Working as a manager in animation, I got see the pressures on both sides of the assignments. I’ve also learned that not only am I not particularly good at editorial work—but I don’t particularly care about it either. Those things are probably linked.

You lived in Korea for a while. Do you think there are cultural influences that you were able to bring into your work?

Well, Korea is why I’m an artist. I was a complete hack until I lived in Korea. When I was teaching in Korea, I would visit Kyobo Bookstore every weekend in central Seoul and I was blown away by the manhwa and picture books I saw there. The art was so expressive and bold and it was unlike anything getting published in the west. I was reading these books with my students. And I loved teaching but I knew I couldn’t be a teacher for the rest of my life because teaching is exhausting and

stressful in ways that only other full time teachers understand. So I started drawing every night and uploading my comics and paintings to the EatPoo forums (RIP). At first, my only goal was to make a comic I was proud of but then as I started publishing things, it seemed possible to work as an artist full time.

You recently revisited Korea after 10+ years! How was that trip, and were you able to find something that surprised you visually?

That trip was very emotional! I ate samgyetang! Korea has changed so much in the last decade. Kyobo bookstore is more corporate and less cool, but now there are these amazing indie bookstores like Veranda and Ghost Books and Your Mind that publish and carry amazing artists. You can follow these shops on Instagram—I recommend it.

What kind of visual artists working outside the picture book medium speak to you? Any current interests?

I think now that I’m writing, I’m most interested in writers and filmmakers. Hirokazu Kore-eda is my favourite.
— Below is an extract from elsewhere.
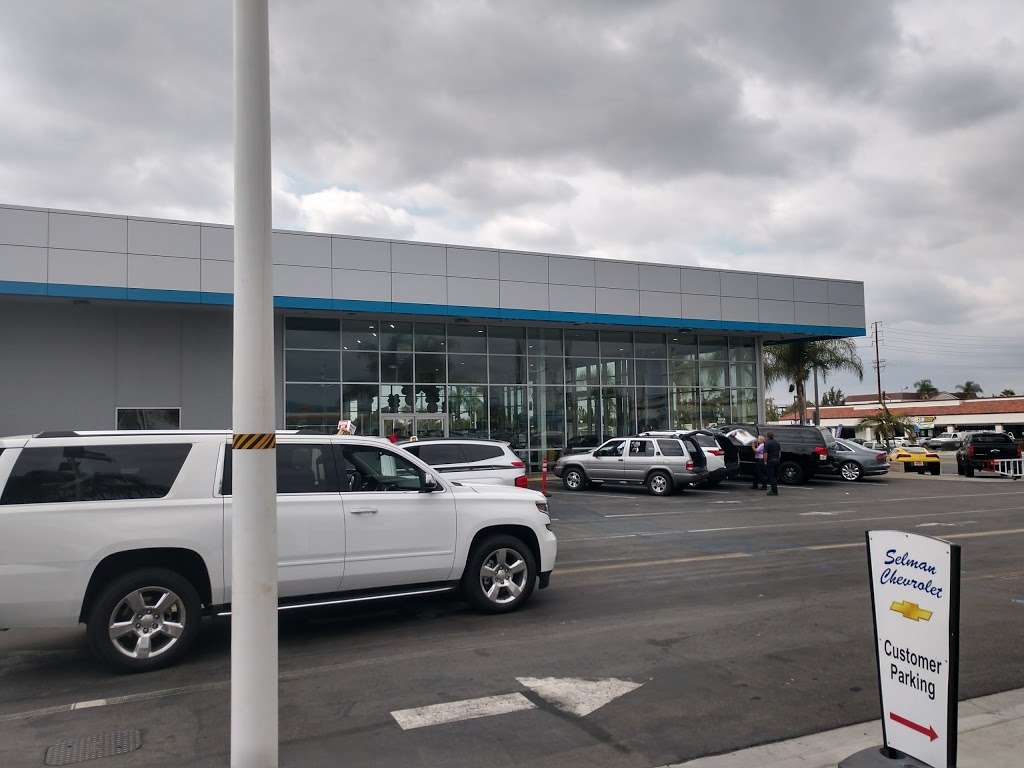 Selman Chevrolet | 1800 E Chapman Ave, Orange, CA 92867 | Phone: (714) 633-3521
For students who are graduating and pursuing this field, do you think it’s more easy to be an illustrator when you are represented by an agent? How is the process of getting an agent like?
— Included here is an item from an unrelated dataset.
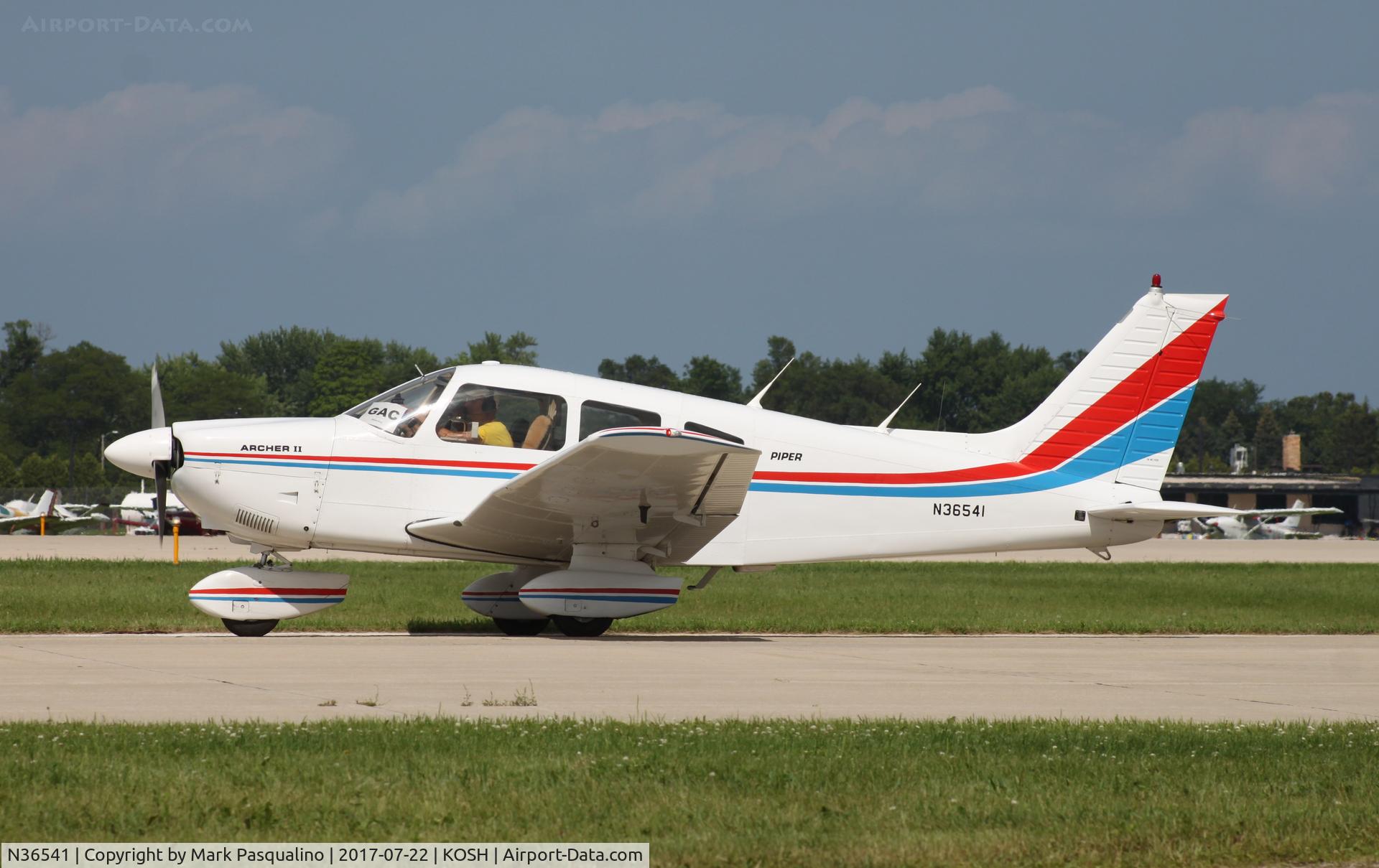 N36541, 1978 Piper PA-28-181 Archer C/N 28-7890521, Piper PA-28-181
I have a literary agent, who I love. She represents me for all my book and media work. But I wouldn’t seek out an agent until you need one. My recommendation is to go deep into your

work and to wait until you have an offer from a publisher—which you will get, because they are actively looking for people who go deep into their work—and then bring that offer to the agent and ask them if they’ll represent you on the project and go from there. You should know which agents and publishers you want to work with because you’ve been following their work and you know the kind of work they make and how it relates to what you have to offer.
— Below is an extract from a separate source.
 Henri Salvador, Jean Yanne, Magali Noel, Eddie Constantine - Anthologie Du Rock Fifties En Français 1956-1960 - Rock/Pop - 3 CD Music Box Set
Also, in my opinion, it’s a myth that literary agents are there to get us work. We always have to do the work of making exciting, relevant work that connects with people. That’s one of our ongoing challenges as artists. The agent is there to negotiate our contracts and represent our interests and make sure the contract serves us as artists, as well as serving the publisher.

They also can offer valuable industry advice. I’m always thinking about the overlap in the Venn diagram between

“what the market wants” and “what I want to make” as an artist, and my agent can help me to see that picture.

What projects are you working on currently?

I just finished writing and illustrating a picture book called Pokko and the Drum - it’s about a family of frogs that lives in a mushroom. It’s coming out in fall, 2019, from Simon & Schuster.

Thank you so much for this interview Matt!